2. Adaptability: Perhaps the most impressive aspect was how Ellipsis learned from our interactions. We have a unique mix of frontend (React + ShadCN/Tailwind) and backend (Python FastAPI) code. Early on, we gave Ellipsis feedback by dismissing a couple of comments (e.g., it suggested a different Tailwind class usage that we decided against). To our surprise, similar suggestions didn’t appear in later reviews. It felt like training a smart junior dev: once we said “hey, in our repo we do XYZ this way,” Ellipsis remembered. This adaptability extended to following our coding guidelines. By feeding it our repo’s docs or simply through continued use, it started enforcing our specific style guide – not just generic best practices.

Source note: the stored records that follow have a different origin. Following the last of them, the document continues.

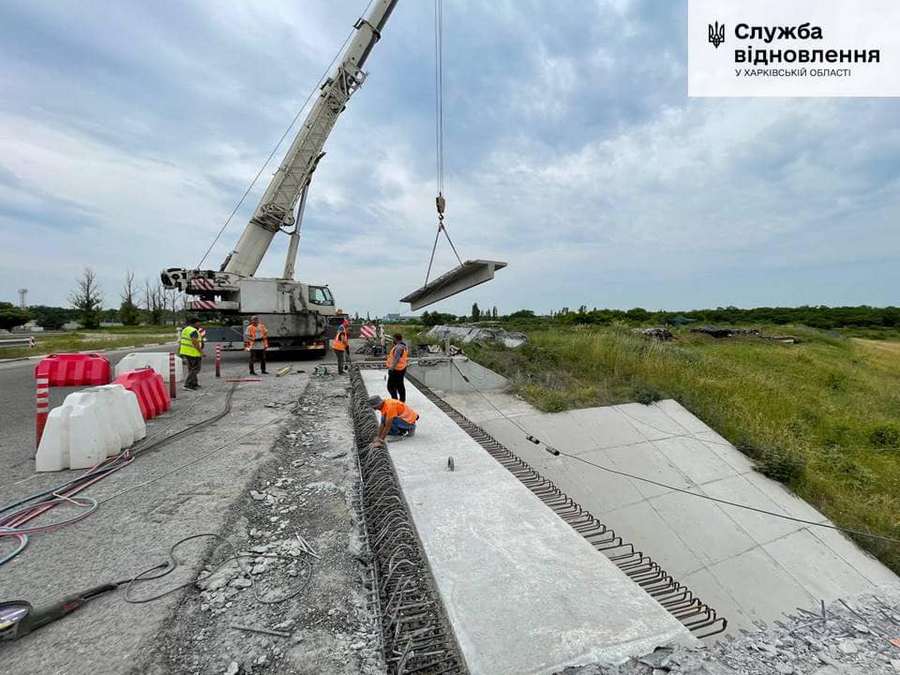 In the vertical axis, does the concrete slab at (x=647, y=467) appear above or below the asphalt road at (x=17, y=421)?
below

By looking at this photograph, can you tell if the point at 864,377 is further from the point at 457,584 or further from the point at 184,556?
the point at 184,556

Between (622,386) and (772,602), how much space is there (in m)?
6.15

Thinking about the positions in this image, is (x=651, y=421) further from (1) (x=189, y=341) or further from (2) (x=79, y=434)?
(1) (x=189, y=341)

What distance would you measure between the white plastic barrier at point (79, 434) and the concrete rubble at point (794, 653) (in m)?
4.68

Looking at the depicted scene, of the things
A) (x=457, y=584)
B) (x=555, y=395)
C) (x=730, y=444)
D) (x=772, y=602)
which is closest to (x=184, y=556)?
(x=457, y=584)

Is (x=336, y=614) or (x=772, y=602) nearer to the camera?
(x=336, y=614)

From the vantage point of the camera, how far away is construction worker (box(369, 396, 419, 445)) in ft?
15.2

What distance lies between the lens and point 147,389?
19.1 feet

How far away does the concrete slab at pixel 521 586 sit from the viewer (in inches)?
77.1

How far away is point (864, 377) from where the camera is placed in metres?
18.1

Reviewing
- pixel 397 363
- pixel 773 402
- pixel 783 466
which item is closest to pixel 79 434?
pixel 397 363

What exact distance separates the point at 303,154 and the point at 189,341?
23.3 feet

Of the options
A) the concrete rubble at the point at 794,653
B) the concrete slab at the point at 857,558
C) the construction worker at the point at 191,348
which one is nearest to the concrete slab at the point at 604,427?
the concrete slab at the point at 857,558

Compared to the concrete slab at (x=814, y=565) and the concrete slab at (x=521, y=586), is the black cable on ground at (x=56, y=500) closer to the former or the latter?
the concrete slab at (x=521, y=586) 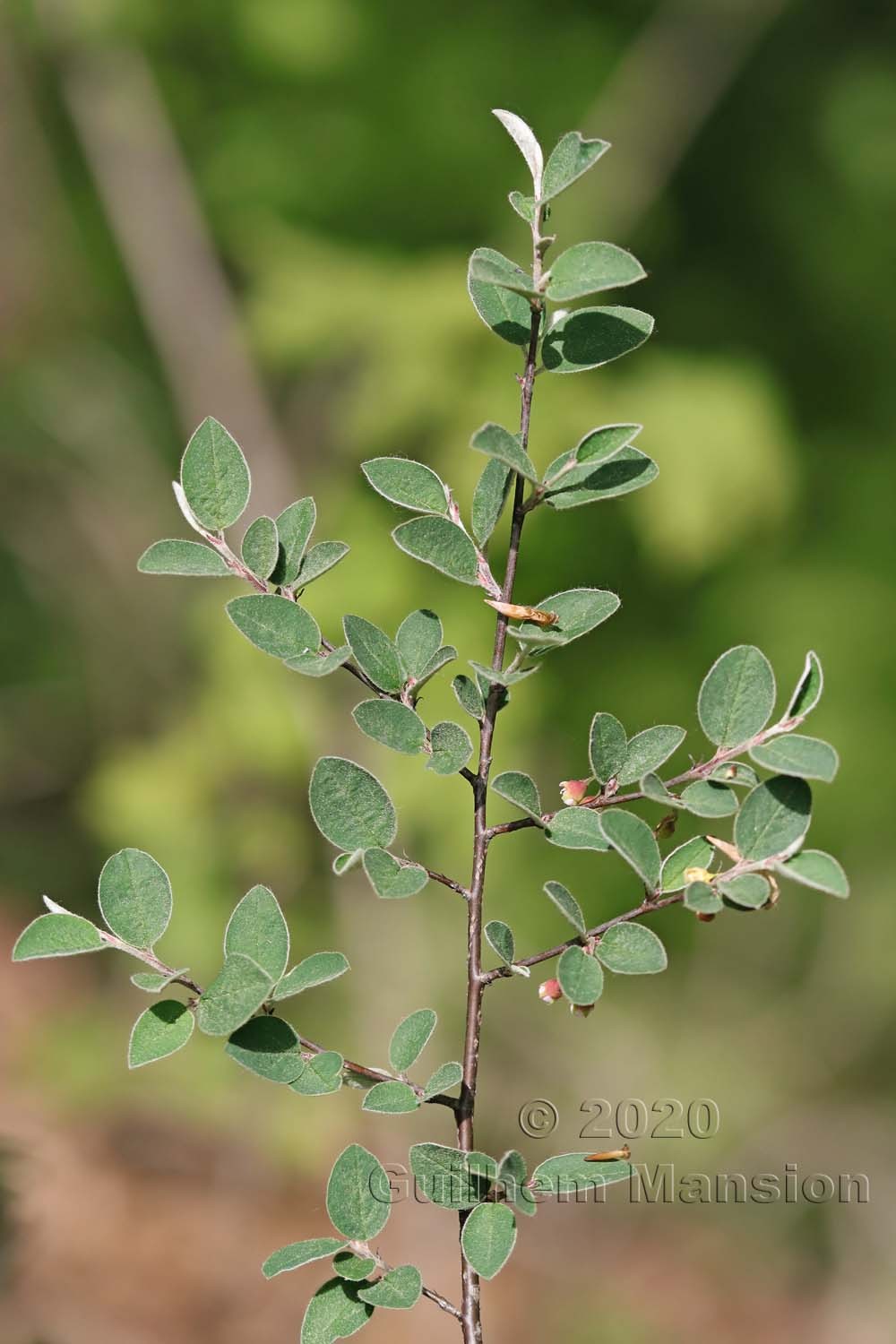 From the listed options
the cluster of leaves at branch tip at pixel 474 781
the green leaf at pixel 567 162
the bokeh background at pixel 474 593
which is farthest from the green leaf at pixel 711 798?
the bokeh background at pixel 474 593

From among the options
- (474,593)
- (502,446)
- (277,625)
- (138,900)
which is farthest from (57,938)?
(474,593)

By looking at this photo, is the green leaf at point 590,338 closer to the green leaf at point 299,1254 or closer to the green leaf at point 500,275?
the green leaf at point 500,275

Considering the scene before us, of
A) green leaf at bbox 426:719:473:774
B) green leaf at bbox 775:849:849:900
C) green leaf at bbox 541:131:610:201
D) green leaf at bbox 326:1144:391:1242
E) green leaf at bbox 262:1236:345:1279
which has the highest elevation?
green leaf at bbox 541:131:610:201

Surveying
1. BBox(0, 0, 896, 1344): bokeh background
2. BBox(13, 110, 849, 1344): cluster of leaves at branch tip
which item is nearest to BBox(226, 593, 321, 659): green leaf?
BBox(13, 110, 849, 1344): cluster of leaves at branch tip

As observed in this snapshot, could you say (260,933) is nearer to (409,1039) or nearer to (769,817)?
(409,1039)

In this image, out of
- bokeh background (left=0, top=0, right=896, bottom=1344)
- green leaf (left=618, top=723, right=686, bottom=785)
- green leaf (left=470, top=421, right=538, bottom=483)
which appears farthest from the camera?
bokeh background (left=0, top=0, right=896, bottom=1344)

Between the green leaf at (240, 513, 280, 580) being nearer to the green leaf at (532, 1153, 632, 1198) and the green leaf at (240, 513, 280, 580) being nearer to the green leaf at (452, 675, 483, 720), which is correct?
the green leaf at (452, 675, 483, 720)

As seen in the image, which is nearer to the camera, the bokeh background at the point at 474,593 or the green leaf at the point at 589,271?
the green leaf at the point at 589,271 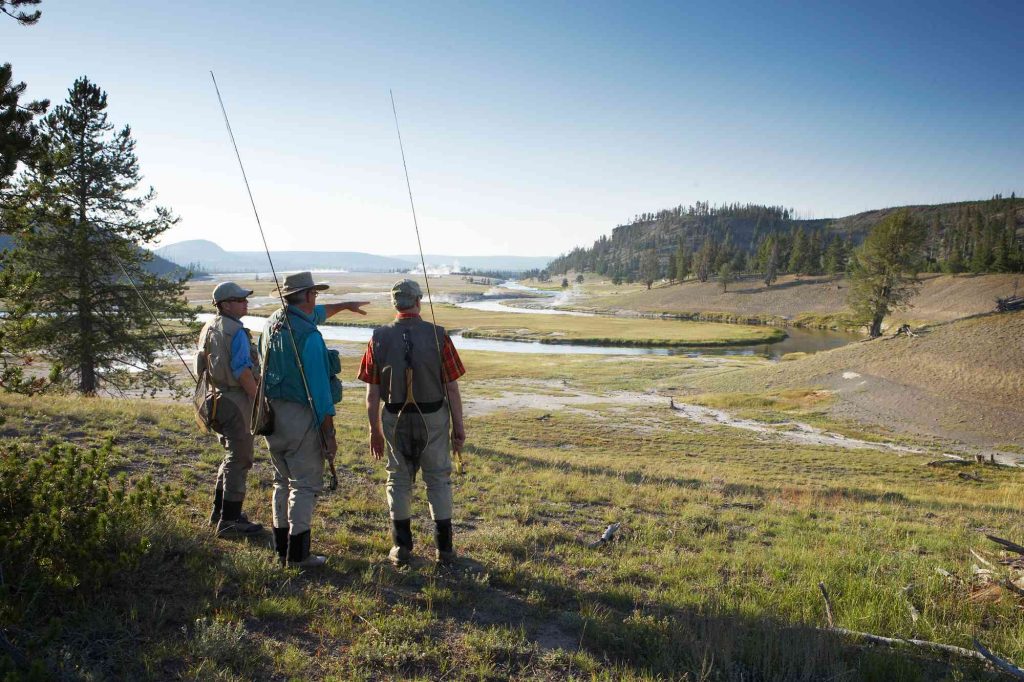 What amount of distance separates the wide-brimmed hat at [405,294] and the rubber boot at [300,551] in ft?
8.06

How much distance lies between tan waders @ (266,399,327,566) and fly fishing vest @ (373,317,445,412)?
0.82 metres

3. Quality of Feedback: The feedback from Ellipsis wasn’t just accurate – it was actionable and well-articulated. Comments often included reasoning or even pseudo-code for a fix. For example, in a PR refactoring our authentication logic, Ellipsis pointed out a potential race condition and suggested using an async lock, with a short code snippet to illustrate. It didn’t just say “possible bug here”; it told us the what and the why. This level of detail made the reviews much more useful. Team members learned from these AI comments instead of just feeling like they had to appease a bot.

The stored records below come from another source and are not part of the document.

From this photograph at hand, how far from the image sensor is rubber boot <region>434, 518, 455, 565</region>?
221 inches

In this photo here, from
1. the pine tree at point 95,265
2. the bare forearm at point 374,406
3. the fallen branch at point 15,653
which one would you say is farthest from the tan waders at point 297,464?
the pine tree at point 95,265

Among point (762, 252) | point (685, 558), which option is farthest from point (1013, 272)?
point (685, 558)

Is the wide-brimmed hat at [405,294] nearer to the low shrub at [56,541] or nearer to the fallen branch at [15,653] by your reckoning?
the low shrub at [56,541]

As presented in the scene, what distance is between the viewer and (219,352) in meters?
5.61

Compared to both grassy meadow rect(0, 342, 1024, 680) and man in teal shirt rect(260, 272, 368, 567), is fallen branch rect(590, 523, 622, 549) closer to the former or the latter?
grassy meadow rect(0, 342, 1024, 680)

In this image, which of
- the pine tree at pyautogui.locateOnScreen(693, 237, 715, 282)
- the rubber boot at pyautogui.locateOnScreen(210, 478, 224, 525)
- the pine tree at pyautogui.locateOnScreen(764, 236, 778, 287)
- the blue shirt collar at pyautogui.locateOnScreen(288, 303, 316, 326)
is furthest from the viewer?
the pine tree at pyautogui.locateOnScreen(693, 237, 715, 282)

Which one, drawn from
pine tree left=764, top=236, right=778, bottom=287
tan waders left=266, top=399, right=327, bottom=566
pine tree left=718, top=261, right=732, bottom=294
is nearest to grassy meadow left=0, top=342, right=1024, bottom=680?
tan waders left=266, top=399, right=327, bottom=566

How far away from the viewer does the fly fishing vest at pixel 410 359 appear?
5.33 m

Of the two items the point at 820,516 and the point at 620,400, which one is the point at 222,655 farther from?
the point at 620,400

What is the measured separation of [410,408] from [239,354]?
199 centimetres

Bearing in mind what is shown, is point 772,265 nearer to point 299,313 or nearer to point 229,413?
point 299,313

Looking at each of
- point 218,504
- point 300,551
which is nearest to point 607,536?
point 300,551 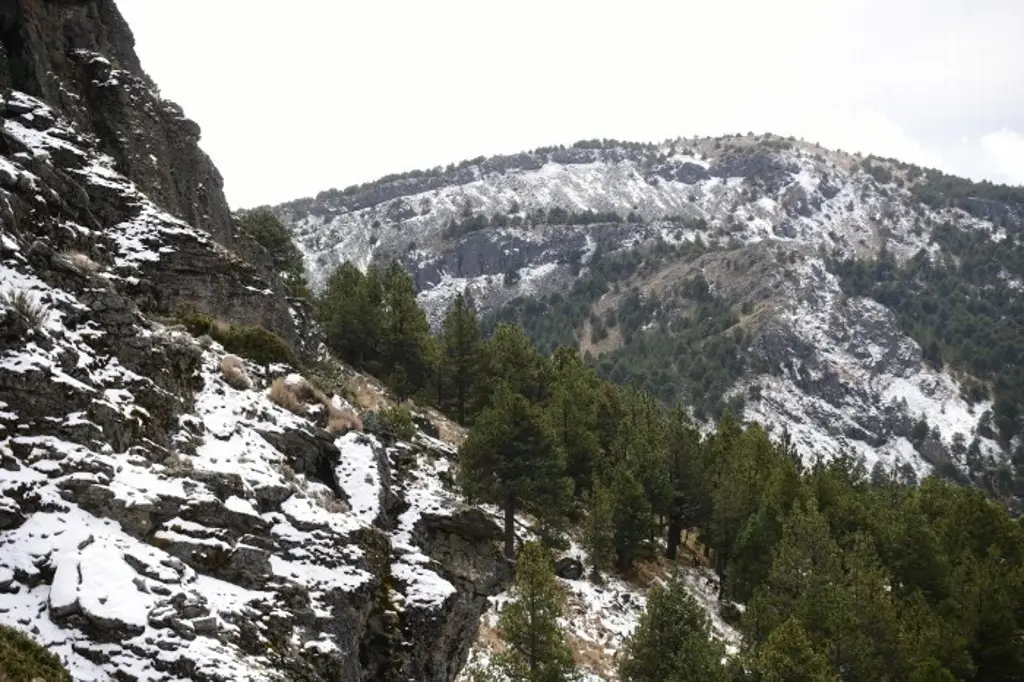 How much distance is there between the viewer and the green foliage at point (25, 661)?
7762mm

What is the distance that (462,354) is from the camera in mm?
47344

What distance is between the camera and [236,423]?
14750 millimetres

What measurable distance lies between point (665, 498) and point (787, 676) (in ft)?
61.8

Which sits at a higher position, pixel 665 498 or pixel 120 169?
pixel 120 169

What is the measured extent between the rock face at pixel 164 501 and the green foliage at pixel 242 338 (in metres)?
0.58

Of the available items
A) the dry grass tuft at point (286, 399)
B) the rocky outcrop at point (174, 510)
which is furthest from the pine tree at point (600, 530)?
the dry grass tuft at point (286, 399)

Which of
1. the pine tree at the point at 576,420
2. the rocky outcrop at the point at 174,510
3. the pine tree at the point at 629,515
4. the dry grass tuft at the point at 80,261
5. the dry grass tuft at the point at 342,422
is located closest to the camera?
the rocky outcrop at the point at 174,510

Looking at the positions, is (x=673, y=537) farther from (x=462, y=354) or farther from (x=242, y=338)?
(x=242, y=338)

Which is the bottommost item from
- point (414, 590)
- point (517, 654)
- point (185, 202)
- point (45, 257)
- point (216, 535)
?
point (517, 654)

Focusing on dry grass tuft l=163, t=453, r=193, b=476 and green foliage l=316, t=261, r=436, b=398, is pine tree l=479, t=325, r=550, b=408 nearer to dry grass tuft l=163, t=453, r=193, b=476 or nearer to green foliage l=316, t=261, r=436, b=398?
green foliage l=316, t=261, r=436, b=398

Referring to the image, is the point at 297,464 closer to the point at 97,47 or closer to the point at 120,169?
the point at 120,169

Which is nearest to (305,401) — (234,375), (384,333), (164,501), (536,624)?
(234,375)

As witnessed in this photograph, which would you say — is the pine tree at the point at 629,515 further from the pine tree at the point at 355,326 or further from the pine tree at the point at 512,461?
the pine tree at the point at 355,326

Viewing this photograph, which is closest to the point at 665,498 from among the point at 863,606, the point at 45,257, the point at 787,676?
the point at 863,606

4. Workflow Improvement: With Ellipsis in our GitHub workflow, we actually found our PRs getting merged faster and with more confidence. It acts like a tireless first-pass reviewer: catching things early that might otherwise lead to back-and-forth in code review. Human reviewers on our team could then focus more on design decisions and less on combing through for small bugs or style issues – we started trusting Ellipsis to handle a lot of that. It’s not perfect (we did occasionally disagree with a suggestion), but because it so rarely cried wolf, we paid attention when it spoke up. In a humorous twist, one teammate joked that Ellipsis deserved an “Employee of the Month” award, if only it had a GitHub profile picture to put on the plaque.

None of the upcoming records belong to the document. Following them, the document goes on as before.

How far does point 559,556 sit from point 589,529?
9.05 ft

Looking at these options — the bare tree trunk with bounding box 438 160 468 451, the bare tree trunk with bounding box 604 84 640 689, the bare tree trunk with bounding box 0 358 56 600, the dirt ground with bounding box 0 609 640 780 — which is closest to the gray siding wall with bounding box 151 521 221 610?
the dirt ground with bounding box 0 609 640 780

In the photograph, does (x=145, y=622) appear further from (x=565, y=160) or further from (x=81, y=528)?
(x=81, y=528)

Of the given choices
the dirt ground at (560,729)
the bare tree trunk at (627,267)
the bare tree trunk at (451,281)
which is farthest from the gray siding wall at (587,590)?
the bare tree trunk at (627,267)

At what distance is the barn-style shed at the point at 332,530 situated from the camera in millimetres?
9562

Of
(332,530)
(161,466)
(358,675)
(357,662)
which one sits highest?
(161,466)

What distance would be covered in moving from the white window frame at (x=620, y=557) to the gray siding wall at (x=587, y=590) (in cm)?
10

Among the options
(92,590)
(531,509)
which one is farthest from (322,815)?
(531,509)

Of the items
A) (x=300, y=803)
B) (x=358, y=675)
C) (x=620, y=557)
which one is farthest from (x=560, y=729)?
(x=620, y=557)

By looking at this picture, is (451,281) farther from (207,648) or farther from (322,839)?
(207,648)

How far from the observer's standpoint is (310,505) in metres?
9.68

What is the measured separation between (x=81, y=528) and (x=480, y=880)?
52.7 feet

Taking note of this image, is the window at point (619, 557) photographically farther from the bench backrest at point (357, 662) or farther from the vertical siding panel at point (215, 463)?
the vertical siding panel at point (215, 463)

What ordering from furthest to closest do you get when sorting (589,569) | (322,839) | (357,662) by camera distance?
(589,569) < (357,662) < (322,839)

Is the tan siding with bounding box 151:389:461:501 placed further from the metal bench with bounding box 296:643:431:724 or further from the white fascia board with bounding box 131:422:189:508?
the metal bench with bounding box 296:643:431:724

In summary, Ellipsis won us over by being consistently helpful, low-noise, and responsive to our needs. It felt like having an experienced developer assistant who knows our codebase and gets better every sprint. This dramatically improved our code review process – saving time and even catching a few issues that might have slipped through. We’ve decided to keep Ellipsis around as a permanent member of our PR review rotation (though we’re still waiting for it to start bringing donuts to the stand-up meeting ).

Honorable Mentions

Our experiment focused on CodeRabbit, devlo, GitHub Copilot, and Ellipsis (YC W24), but there are plenty of other AI-powered PR review tools out there. Do you know a better one? let us know!

Conclusion

In the end, introducing AI into our code review process proved to be a net positive. We caught issues we might have missed, saved senior developers some time, and even learned a few best practices along the way. The key was finding the right balance: using the AI feedback as a guide, not gospel. Human reviewers still have the final say, but now they have a helpful AI sidekick watching their back.

In all seriousness, our experience showed us that AI’s role in code review is like a competent junior developer: it speeds things up, asks good questions, and yes, sometimes it really needs a coffee break (looking at you, devlo, with those 117 comments on a 5-file PR).